Por fin, K. estaba solo. No se le pasó por la cabeza hacer pasar a nadie más a su despacho y sólo fue vagamente consciente de lo agradable que era que la gente de fuera pensara que seguía negociando con el fabricante y, por eso, no podía dejar entrar a nadie a verle, ni siquiera al criado. Se acercó a la ventana, se sentó en el alféizar que había junto a ella, se agarró firmemente al picaporte y miró la plaza de fuera. La nieve seguía cayendo, el tiempo aún no había mejorado en absoluto.

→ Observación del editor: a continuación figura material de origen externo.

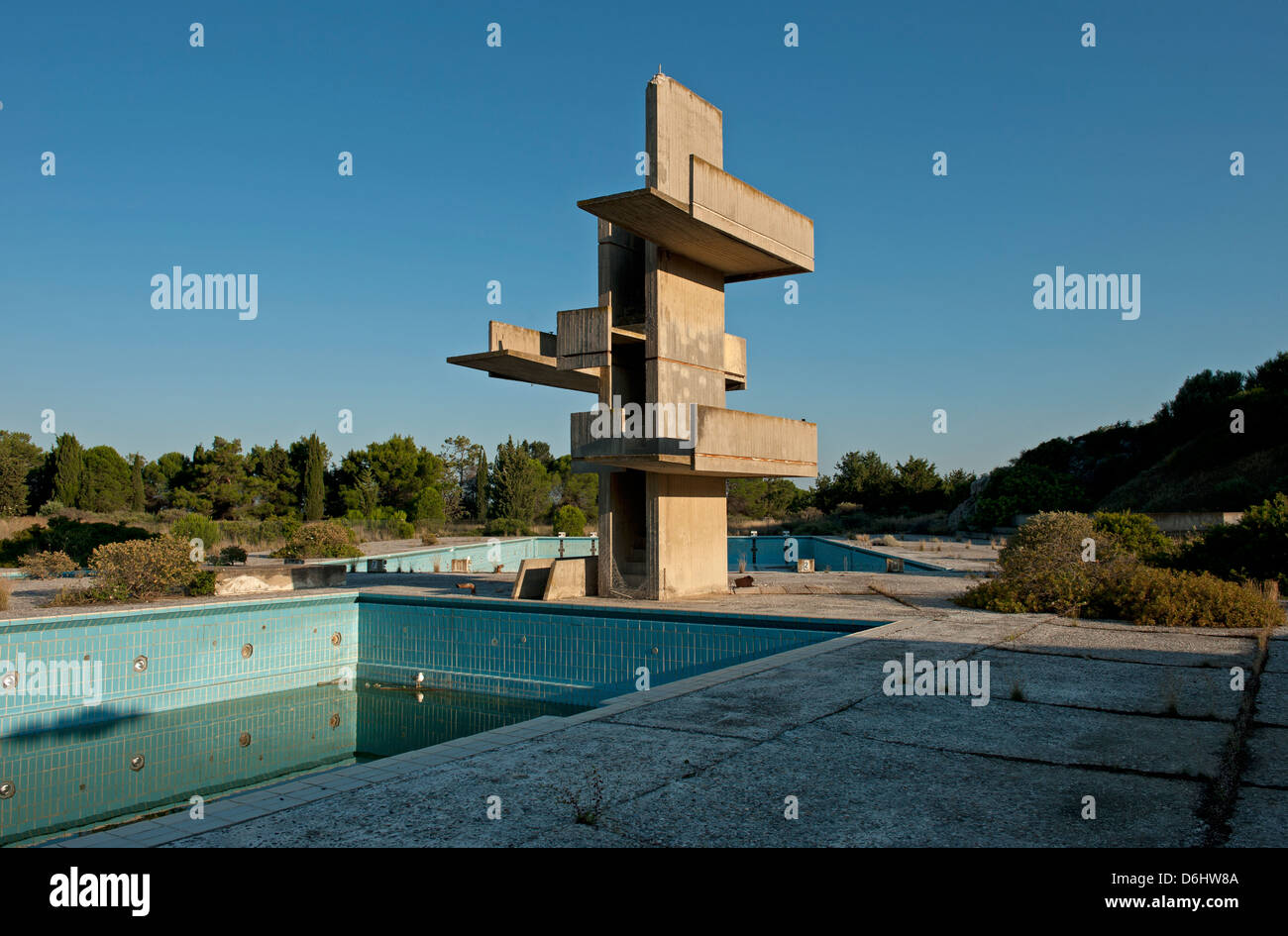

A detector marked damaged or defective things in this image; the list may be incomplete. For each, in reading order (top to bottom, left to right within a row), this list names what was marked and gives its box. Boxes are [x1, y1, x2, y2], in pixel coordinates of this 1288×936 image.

Permaneció mucho tiempo sentado así, sin saber qué era en realidad lo que le inquietaba tanto, sólo de vez en cuando echaba un vistazo, ligeramente sobresaltado, por encima del hombro a la puerta de la habitación exterior donde, erróneamente, creía haber oído algún ruido. No vino nadie, y eso le hizo sentirse más tranquilo, se acercó al lavabo, se enjuagó la cara con agua fría y, con la cabeza algo más despejada, volvió a su lugar junto a la ventana. La decisión de tomar su defensa en sus manos le parecía ahora más pesada de lo que había supuesto en un principio. Durante todo el tiempo que había dejado su defensa en manos del abogado, su juicio le había afectado poco en lo esencial, lo había observado desde lejos como algo que apenas podía alcanzarle directamente, cuando le convenía miraba para ver cómo estaban las cosas, pero también podía volver a sacar la cabeza cuando quería. Ahora, en cambio, si iba a llevar él mismo su defensa, tendría que dedicarse por completo al tribunal -por lo menos de momento-, el éxito significaría, más adelante, su liberación completa y definitiva, pero si quería conseguirlo tendría que ponerse, para empezar, en un peligro mucho mayor del que había corrido hasta ahora. Si alguna vez sintió la tentación de dudar de ello, su experiencia con el subdirector y el fabricante aquel día sería suficiente para convencerle de ello. ¿Cómo pudo sentarse allí totalmente convencido de la necesidad de hacer su propia defensa? ¿Cómo sería después? ¿Cómo sería su vida en los días siguientes? ¿Encontraría el camino a través de todo ello hasta una conclusión feliz? ¿Una defensa cuidadosamente elaborada -y cualquier otro tipo no habría tenido sentido- no significaba también que tendría que aislarse de todo lo demás tanto como pudiera? ¿Sobreviviría a eso? ¿Y cómo iba a conseguir llevar a cabo todo esto en el banco? Se trataba de mucho más que presentar unos documentos que probablemente podría preparar en unos días de permiso, aunque habría sido una gran temeridad pedir tiempo libre al banco justo en ese momento, era todo un juicio y no había forma de ver cuánto podría durar. ¡Se trataba de una enorme dificultad que se había lanzado de repente en la vida de K.!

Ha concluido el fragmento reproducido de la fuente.